Each graduate will travel to a different state for his or her placement. All five said they are looking forward to the challenge and the satisfaction of helping bridge the achievement gap between high- and low-income students.

“I’m doing Teach For America because I wanted a chance to do something to close the achievement gap – to work for civil rights,” said Shook. “I wanted to be engaged at the ground level in bridging that gap. The disparity between what we spend on students in wealthier school districts and what we spend on students in poorer districts is often overlooked, but I believe it is the civil rights issue of our time.”

Shook, from Gainesville, is a double major in English and Women’s and Gender Studies. He will be leaving for New York City to teach. Shook said he is still undecided on a career, but he hopes it will involve education, particularly with regard to promoting the arts in the face of increasing pressure from standardized testing and budget challenges  that threaten such programs.

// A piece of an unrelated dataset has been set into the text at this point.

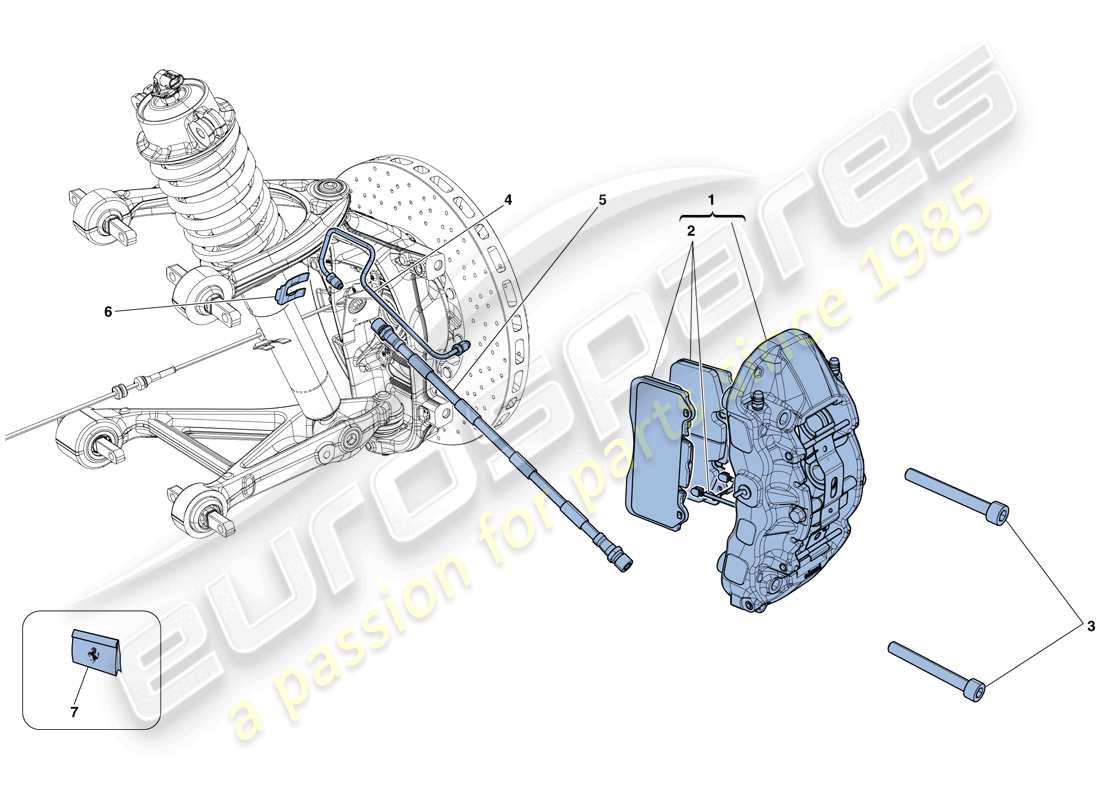 ferrari california t (rhd) pinzas de freno delantero diagrama de piezas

Brown, a political science major from Stockbridge, will teach secondary social studies next year in Alabama, but is awaiting word on her final placement.  Though she doesn’t plan to pursue a career in teaching after Teach For America, she said she wants to work to make a difference while she is in the program, and after. She has been on three Mercer On Mission trips, and, each time, she said, she was struck by the role education played in the poverty of the regions she visited. Brown said she hopes to make a difference in the lives of her students on the way to theology school – and a career in mission work – after her placement.

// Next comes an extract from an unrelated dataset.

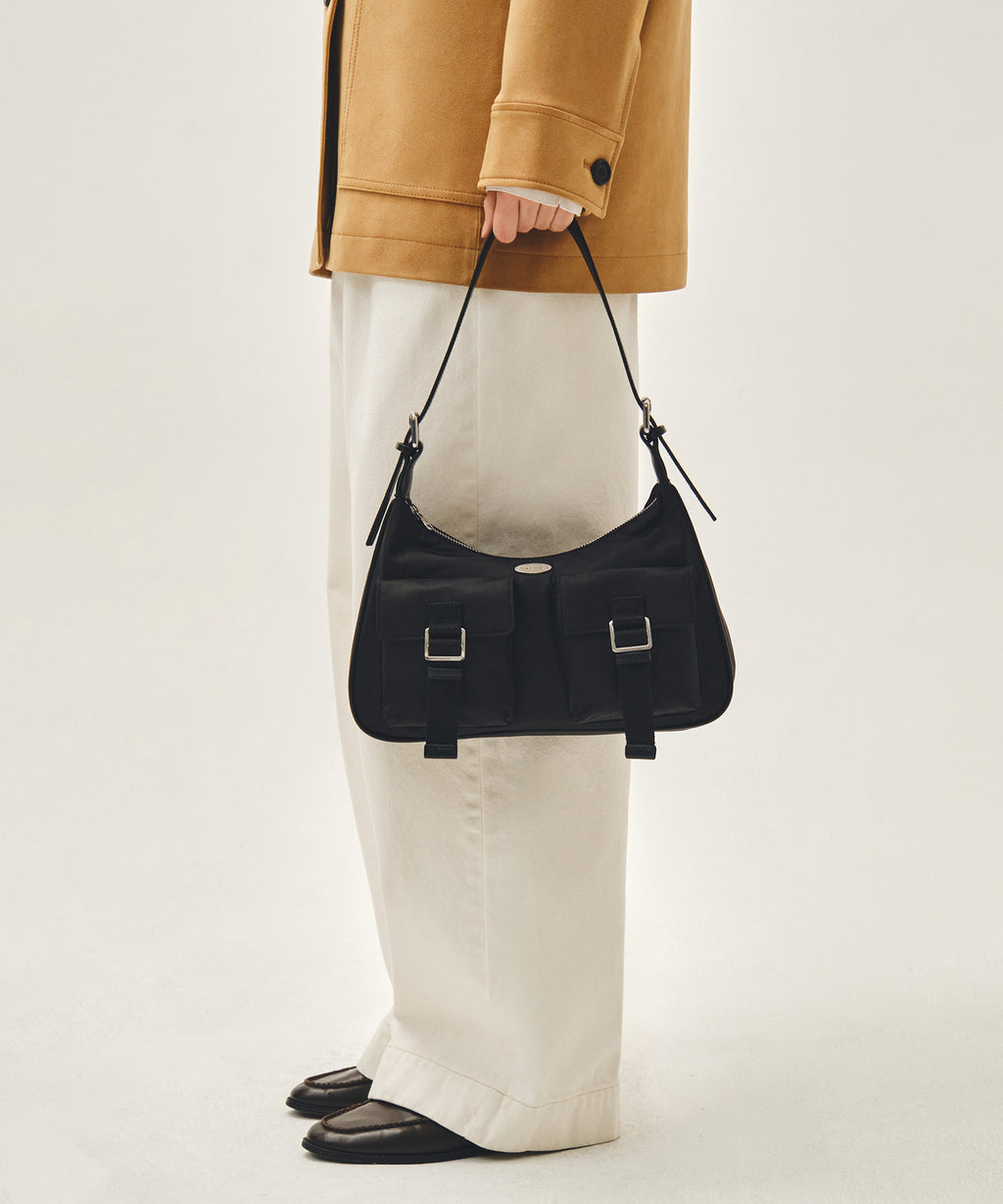 Marithe & Francois Girbaud - Regular Logo 2way Hobo Bag (Black) product image 12 | TRAB K-Fashion Australia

Coleman, of Guyton, is a double major in English and French and will be placed in Charlotte, N.C., teaching high school English. He will also work toward a Master of Arts in Teaching, with a specialization in secondary English, at the University of North Carolina, Charlotte. Coleman said he hopes to study comparative literature and become a professor after he completes his assignment.

Kivi, an art major who is originally from Albuquerque, N.M., will be placed in South Carolina. She said she will likely stay in education, perhaps becoming a principal. Teach For America is the perfect tool to help her decide if that is indeed the career she wants to pursue.

Matthews, of Thomaston, is a communication and media studies major and will be placed near Baton Rouge, La., likely in special education. She’ll be attending Louisiana State University, working on speech/language pathology, which she hopes will be her career following her teaching stent. For the next two years, though, she said she’s excited to take on her assignment.

“I think we all know going in that it’s going to be a challenge, but I think we can all agree that we want to make a difference in the world, to be challenged and to rise to that challenge,” Matthews said.